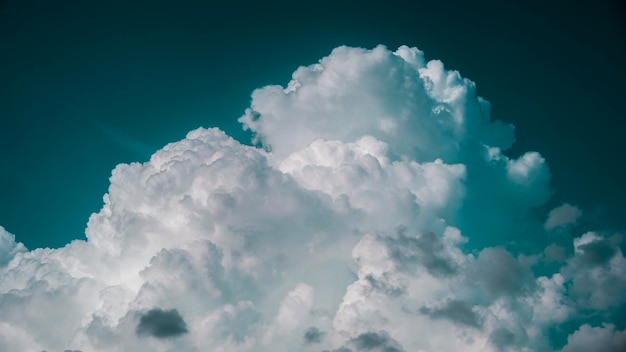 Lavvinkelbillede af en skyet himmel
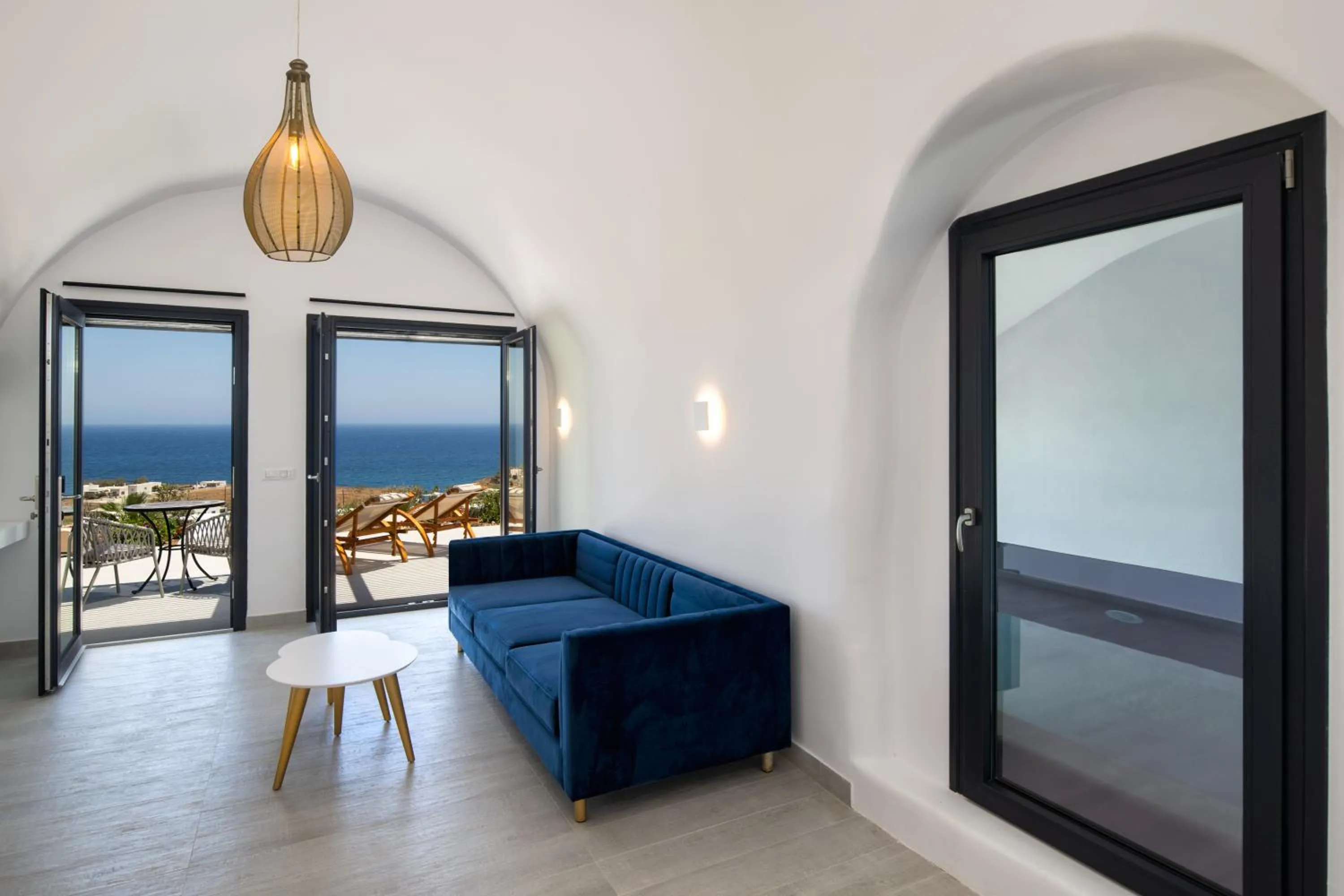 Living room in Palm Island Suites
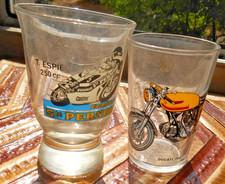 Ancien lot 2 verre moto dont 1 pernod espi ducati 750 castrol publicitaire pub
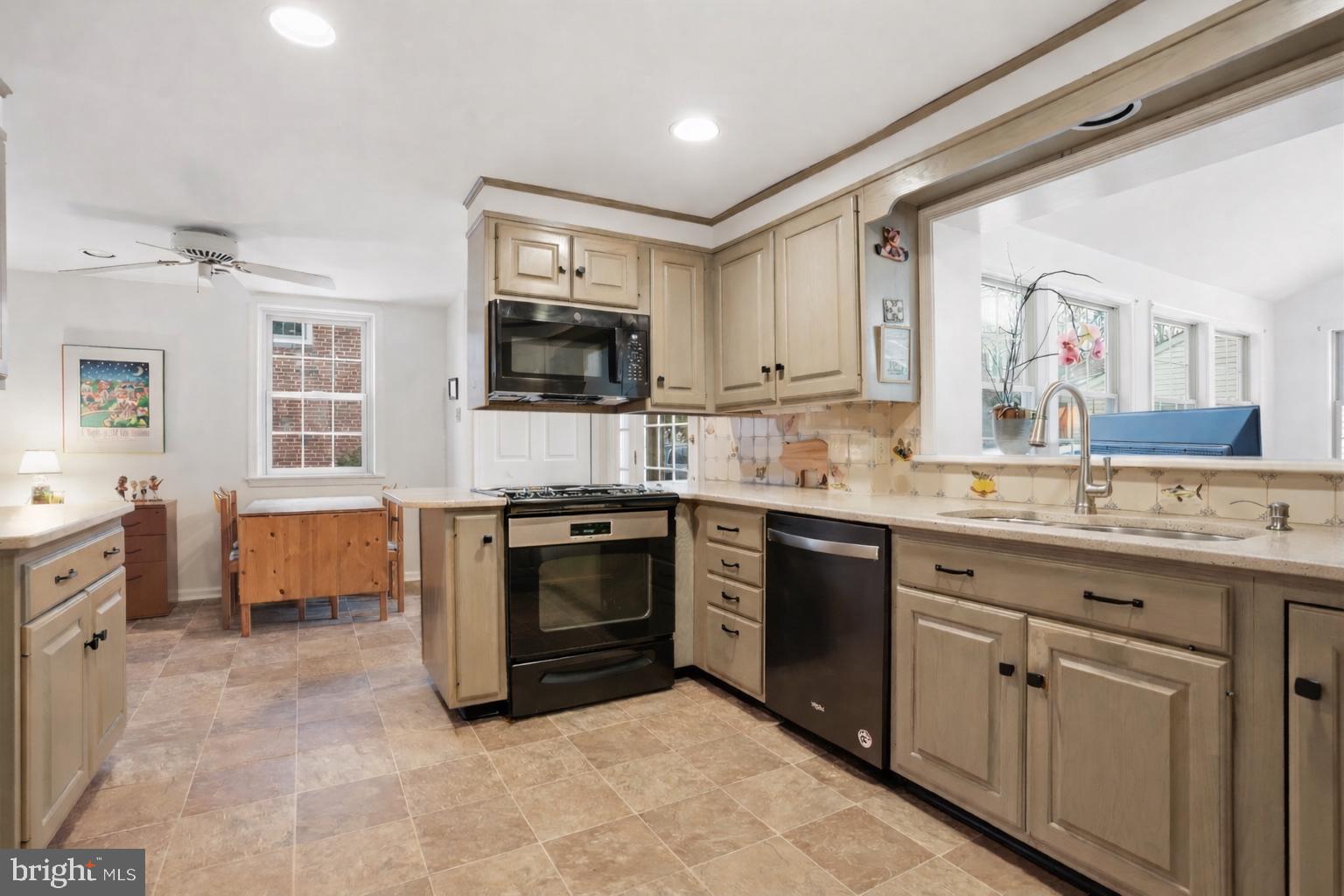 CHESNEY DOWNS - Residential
□ □ □ □ □
### Exercise details
Beginning with the line that contains "Ancien lot 2" and ending with the final line of the listing, return each line exactly. Omit all pictures.

### Response box
 Ancien lot 2 verre moto dont 1 pernod espi ducati 750 castrol publicitaire pub
 CHESNEY DOWNS - Residential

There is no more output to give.